HOW I LEARNED TO BE A RACIST
By Lois Biener
I parked my car with my dog inside in the small lot behind Peet’s Coffee to run in for some beans. Leaving the car, I noticed three black men hanging out, probably on a smoke break from their work in the attached building. I double-checked to make sure my car was locked. As I walked around to the front door, I chastised myself for my automatic response. I rarely lock my car. Why did I do that?
Lessons in racism started early. I grew up in a neighborhood that was not only racially segregated, it was 60 to 70% Jewish. I could tell my mother was much happier when I played with the Jewish kids than with the few non-Jews. No explicit reason was given, but the subtle message of invidious group distinctions was delivered.
The only black person I knew in my early years was Willie Mae who cleaned our house and took care of me after school. I was very fond of her, as she was of me. My parents referred to her as “the schvartze,” but not in her presence. Her daughter, Gweny, was my age, and Willie Mae brought her to our house now and then. Being invited to Gweny’s 5th birthday party caused my parents great consternation. I really wanted to go, although I can’t remember if I actually did. They told me that her home was in a dirty and dangerous neighborhood and that I wouldn’t be comfortable there. I recall Willie Mae expressing resentment to me about the attitudes white people had toward her. I felt torn in my loyalties to her and to my parents.
My father, a small-time criminal lawyer, dealt primarily with “colored” people who got in trouble for numbers running and other petty crimes. Although he was proud to have their respect and appreciation, I had many opportunities to hear about their terrible living conditions and people referred to as “dumb shines,” but at least not “niggers.”
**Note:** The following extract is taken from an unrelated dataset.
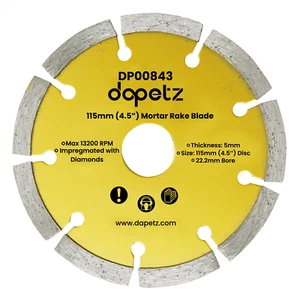 Disco rastrillo mortero 115 mm rastrillo puntero diamante 41/2" disco de hoja amoladora angular - Imagen 1 de 12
Until high school, I had few opportunities to see or relate to black people. My high-school was about 50% black and 50% Jewish. Most of the black kids were tracked into vocational courses, so I didn’t become friendly with many of them. The one area where race seemed irrelevant was choir. This was a 3-day a week commitment with frequent concerts in and out of school, often at churches during Christmas, much to my parents’ dismay. I loved being in the choir, and I had the experience of participating with excellent African-American singers. I remember anticipating with pleasure the place in the program where a wonderful soprano would perform a solo aria from Handel’s Messiah.
I can’t remember when I first started to actively reject the notion that black people were inherently “less than.” The civil rights movement of the 60’s occurred when I was an undergraduate, and all the media attention to the injustice in the south was certainly an important factor. Graduate school in the late 60’s and 70’s and all the political movements of that time led me to intellectually reject racism. Alice Walker, Zora Neale Hurston, and other writers of the black experience were important contributors to my growing understanding and empathy. The more recent sickening repetition of the killing of black men by white policeman has been a tipping point in sparking my motivation to be more proactive.
Now I’m trying to deal with the unconscious reactions that led me to go back and lock my car door in the Peet’s parking lot or the avoidance of eye-contact when passing black men on the street. Rooting out this behavior takes conscious effort. It is important to bring into awareness the subtle perceptual biases that many of us white people have internalized over our lifetimes so that the source of those biases can be examined.
Riding the train from NYC last week, friends and I were looking for facing seats. I found one six-seater occupied by a young black man. I looked at him, smiled, and sat down. I’m trying. We all must do much more.
A social scientist by “trade,” Lois enjoys her time at BOLLI, sings with two different groups, throws pots, spends quality time with her daughter and grandson, and relishes planning the next trip with her husband.